Ward and her husband, John Henry Ward II - who is also a teacher and coach within the district - have two daughters, Gweneth, 8, and Locklyn, 6.

More about Ward

Ward said she became a teacher because she's been blessed with an assortment of "great teachers" within her life.

"I think all the teachers I have had have impacted my life in one way or another," Ward said. "Teachers have the opportunity to impact students’ lives in such a positive way and I am blessed that I have had great teachers in my life."

Ward said some of her inspiration comes from Mrs. Shackleford, who taught her to hug and smile at her students every day, because of they are special; Mrs. Coble, who made learning fun by playing games and getting everyone in the class involved; Mr. Starts, who taught her to "think outside the box and look beyond" her world; Coach Barnwell, who encouraged her to have high expectations for herself, and her students; and Dr. Baker, who encouraged her to explore books and share a love of reading with her students.

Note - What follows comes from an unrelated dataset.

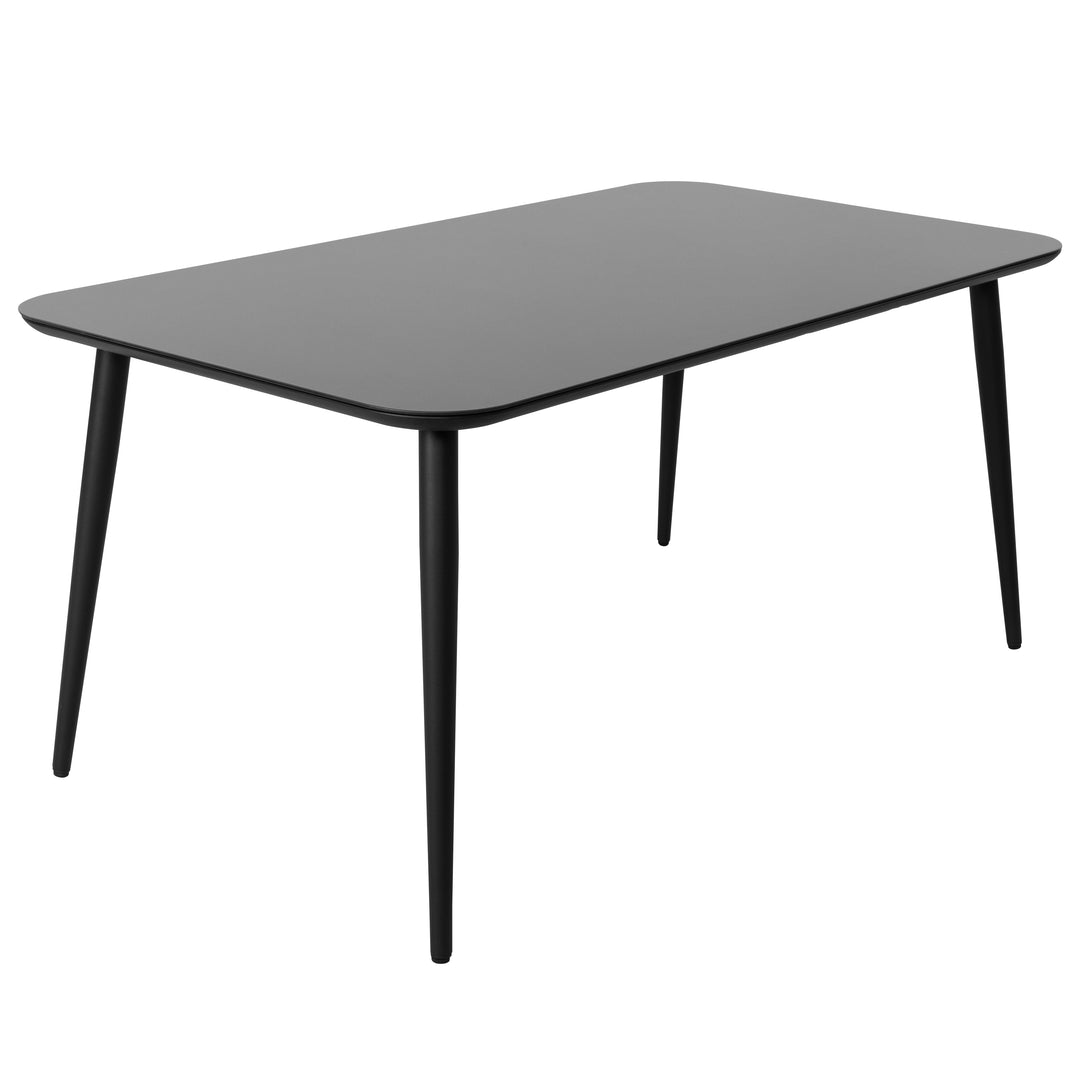 Patio Aluminum Dining Table with Tempered Glass Tabletop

"I knew I wanted to be a librarian because I loved to read, but I also loved to see students’ reactions to books as well," Ward said. "When a student comes to me and wants to 'talk books' it creates relationships that can last a lifetime.

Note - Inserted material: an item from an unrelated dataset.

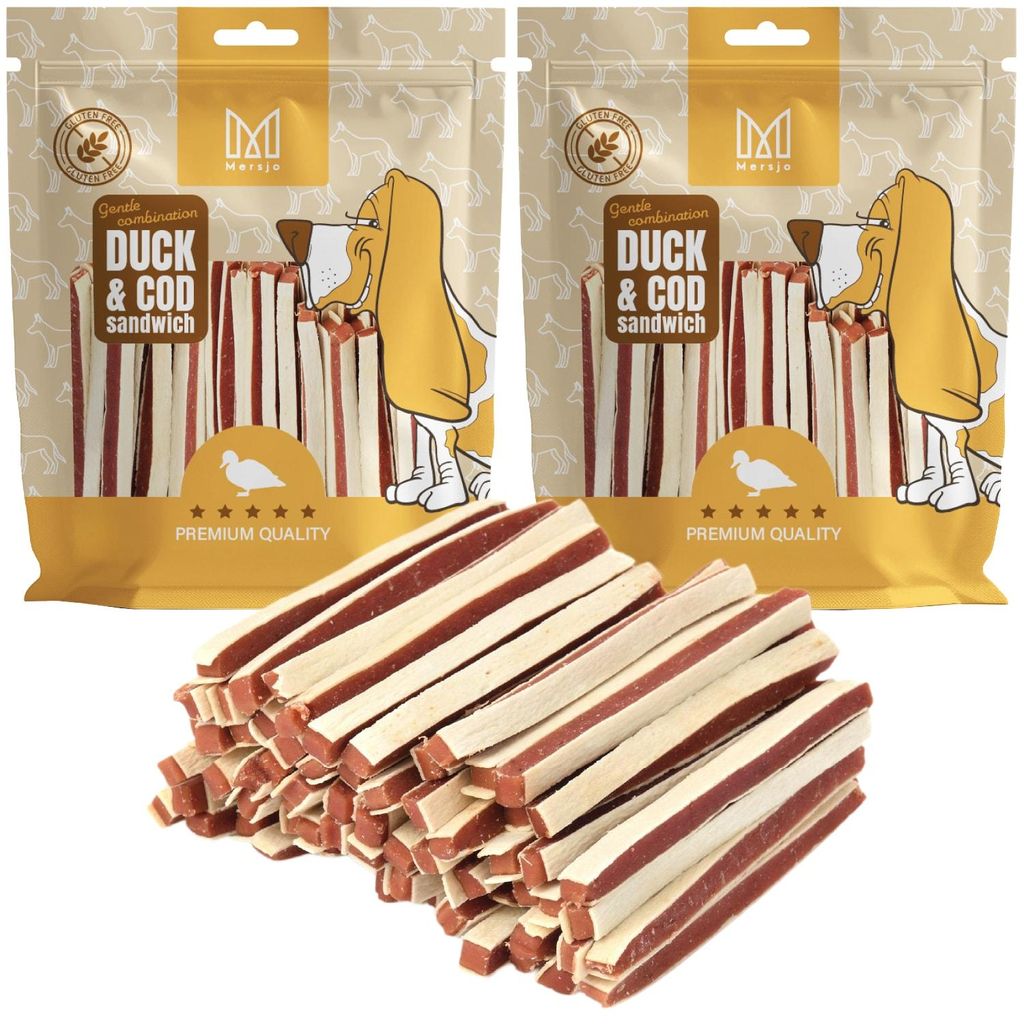 Psí pamlsky – měkké kachní proužky v sendviči, zdravý Obrázek produktu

"Especially, if we have read the same book and we have two totally different perspectives on the book, it is pretty awesome to form those connections with students."

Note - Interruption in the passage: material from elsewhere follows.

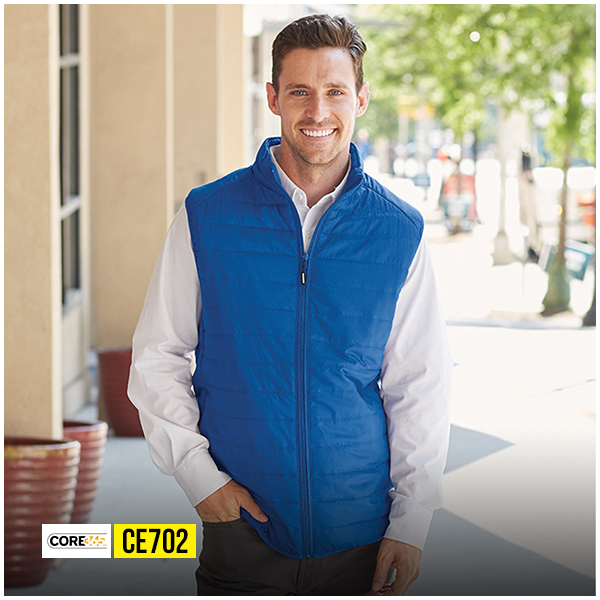 Core 365 CE702 blue packable puffer vest lightweight insulated outerwear for corporate and outdoor use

Ward said she loves helping students find the perfect book.

"For example, when you have that one student that just ahem…. (insert gasp) hates to read, it is my goal to help them find a book that they enjoy," Ward said. "After we search and search for that perfect book, they fall in love with reading.

"I love that quote from J.K Rowling, 'If you don’t like to read, you haven’t found the right book.'

"I enjoy getting to know the students that come into the library to 'talk books' or just letting them know that I am so glad they came to the library. I want everyone to feel welcome in the library because for some students, the school library is the only library they get to see. The library is more than just a place to check out books, it is the learning hub of the school."

Ward said the walkout taught her a lot about her fellow teachers' hearts for their students.

"I have learned that teachers will do whatever it takes for their students and their profession," Ward said. "For me personally, I have two daughters in the public school system, and as a mommy, I want the best for my daughters, as well as my students.

"I am so proud to be from such a wonderful, supportive community like Grove. It has been such a humbling experience to see our community and parents rally right next to us."

Ward said she hopes her students remember her as kind, and that they also leave her library feeling special.

"I [also] hope to instill in them a love for reading that will last a lifetime," Ward said.

Being nominated as the upper elementary teacher of the year, Ward said, is special because her peers voted for her.

"It is quite an honor to be recognized by the people you work with every day," Ward said. "I love my job and when I see my fellow peers working hard for their students, it encourages me to work harder as well. I have been very fortunate to work with great administration, that support our teachers."

Ward, who was named 2017 NSU graduate student of the year, said she hopes members of the Grove community know that Grove teachers "want the best" for their students.

"We will do whatever we can to make sure they have the best education possible," Ward said. "We want our students to not only succeed in the classroom, but in life as well."